Short web captions
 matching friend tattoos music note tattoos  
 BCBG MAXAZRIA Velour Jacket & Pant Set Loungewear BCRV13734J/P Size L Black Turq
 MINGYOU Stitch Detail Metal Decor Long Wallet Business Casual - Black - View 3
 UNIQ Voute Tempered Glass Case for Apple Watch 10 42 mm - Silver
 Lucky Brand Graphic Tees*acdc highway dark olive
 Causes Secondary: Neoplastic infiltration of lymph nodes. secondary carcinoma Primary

---

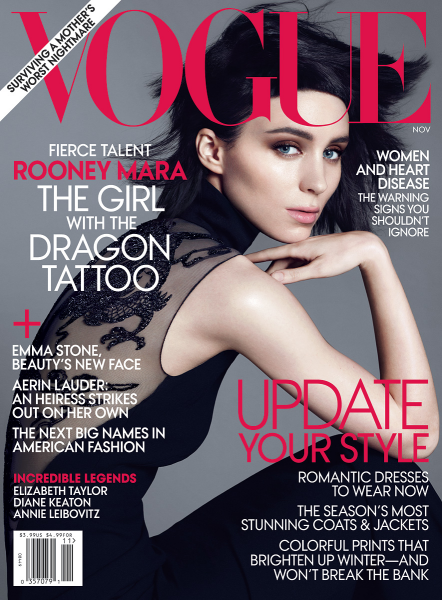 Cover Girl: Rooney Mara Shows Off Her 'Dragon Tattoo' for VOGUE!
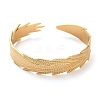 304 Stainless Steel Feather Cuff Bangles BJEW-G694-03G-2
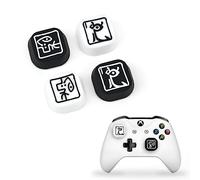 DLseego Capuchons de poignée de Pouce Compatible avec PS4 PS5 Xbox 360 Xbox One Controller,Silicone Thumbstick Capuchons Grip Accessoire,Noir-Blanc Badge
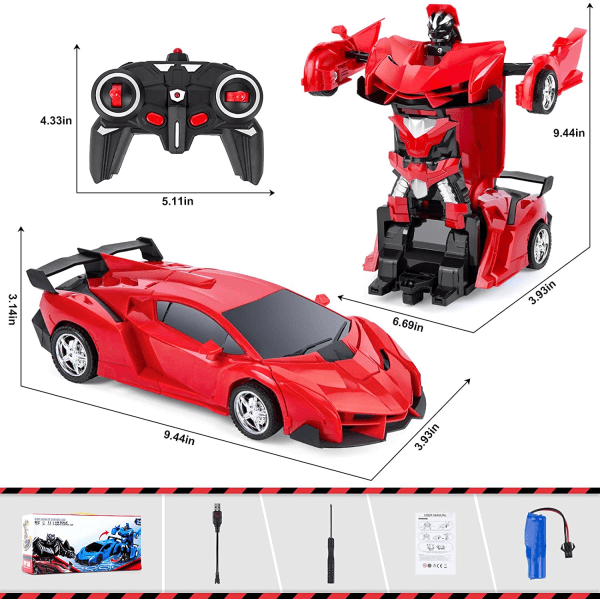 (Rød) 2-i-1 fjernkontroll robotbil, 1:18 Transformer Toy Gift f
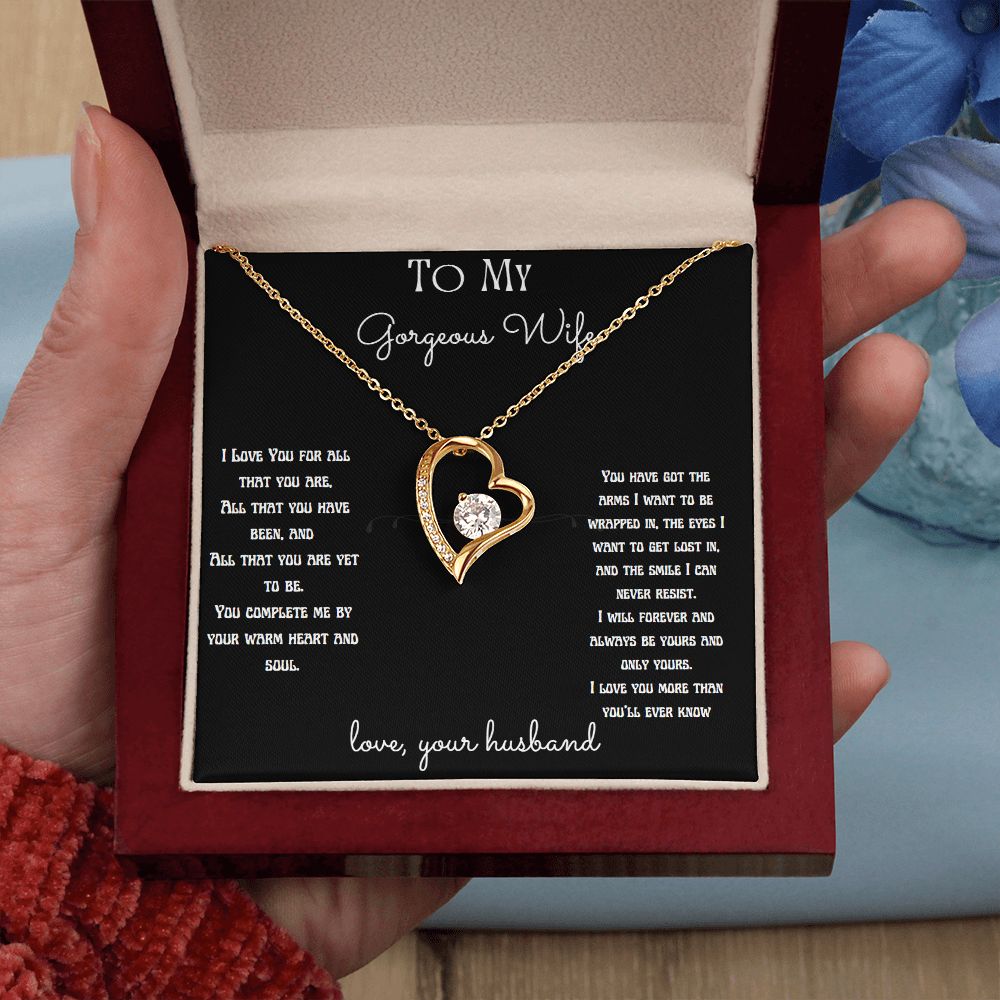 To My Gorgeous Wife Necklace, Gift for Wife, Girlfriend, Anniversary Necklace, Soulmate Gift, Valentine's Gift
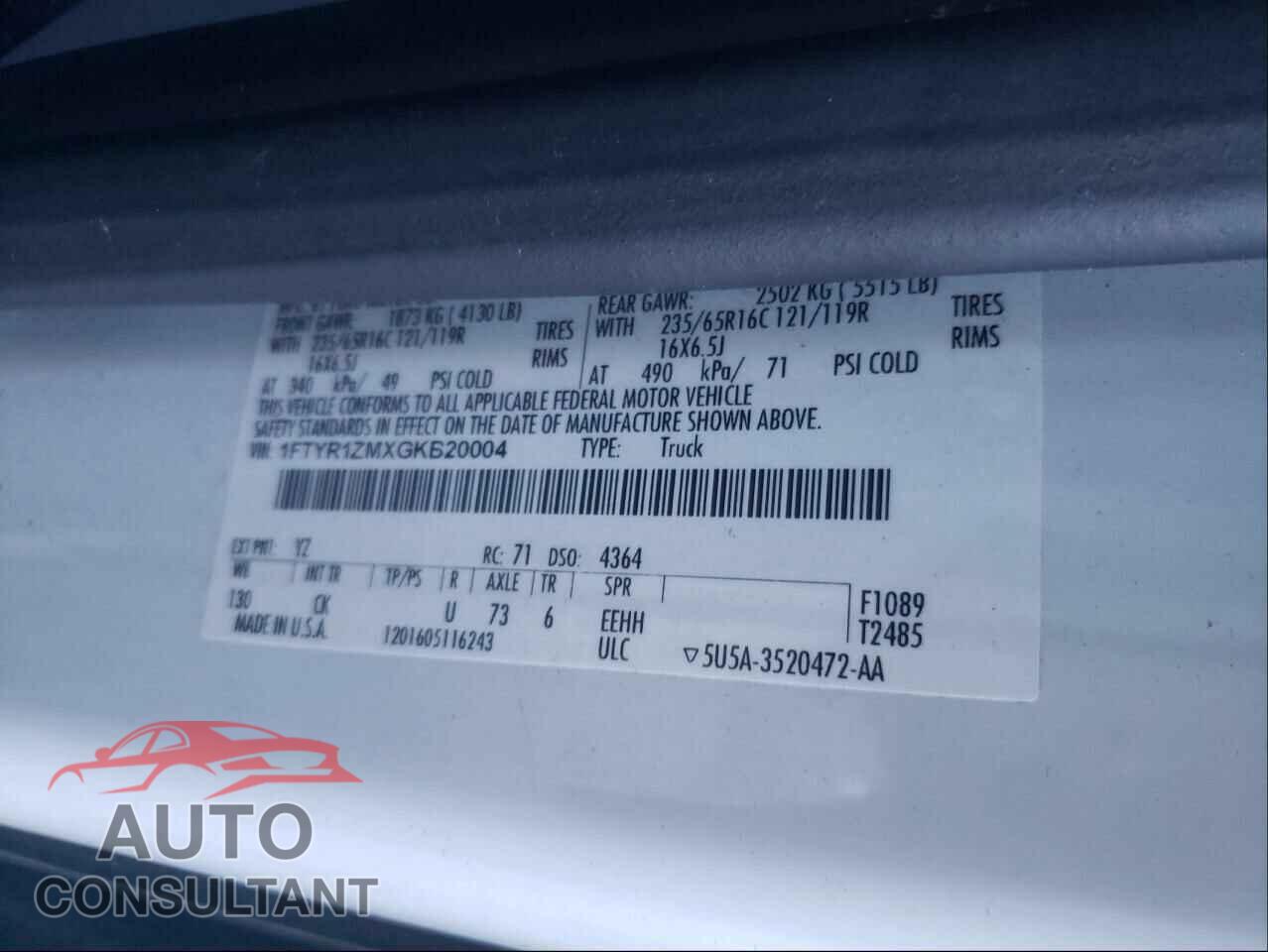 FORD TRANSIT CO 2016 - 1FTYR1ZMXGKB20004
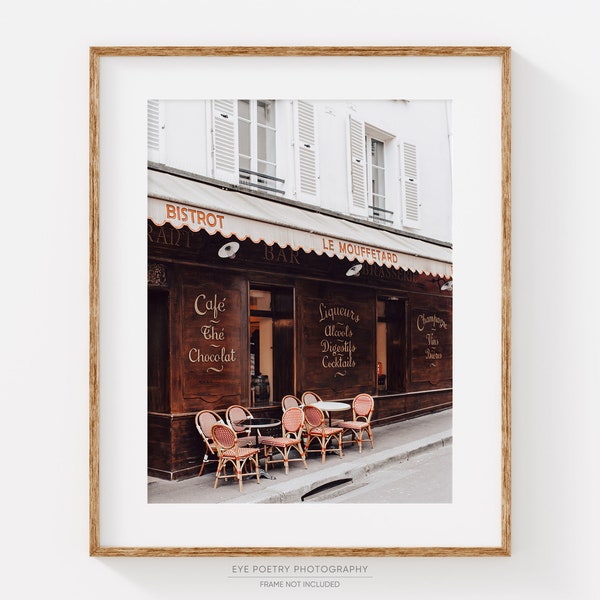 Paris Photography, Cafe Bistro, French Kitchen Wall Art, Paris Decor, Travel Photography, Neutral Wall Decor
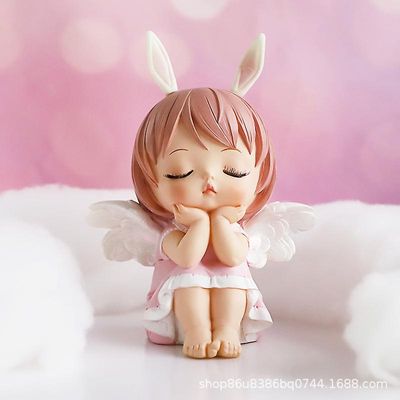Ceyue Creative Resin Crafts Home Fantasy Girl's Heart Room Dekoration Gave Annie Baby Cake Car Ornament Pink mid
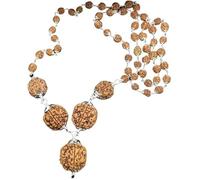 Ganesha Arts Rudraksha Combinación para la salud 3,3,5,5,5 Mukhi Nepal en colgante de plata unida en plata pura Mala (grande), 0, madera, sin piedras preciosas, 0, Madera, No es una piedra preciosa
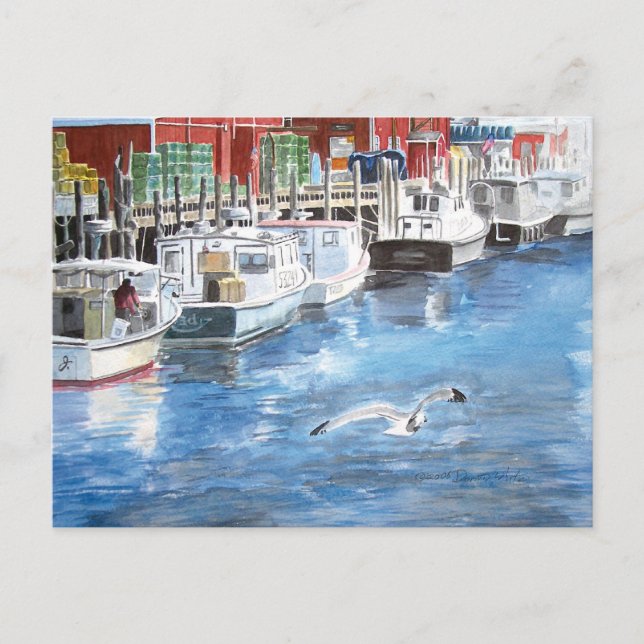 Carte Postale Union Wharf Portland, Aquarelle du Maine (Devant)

#### Problem
The output should be exactly the lines above from the line containing "matching friend tattoos music note tattoos" to the line containing "Lucky Brand Graphic", inclusive, with no other lines.

#### Finished exercise
 matching friend tattoos music note tattoos  
 BCBG MAXAZRIA Velour Jacket & Pant Set Loungewear BCRV13734J/P Size L Black Turq
 MINGYOU Stitch Detail Metal Decor Long Wallet Business Casual - Black - View 3
 UNIQ Voute Tempered Glass Case for Apple Watch 10 42 mm - Silver
 Lucky Brand Graphic Tees*acdc highway dark olive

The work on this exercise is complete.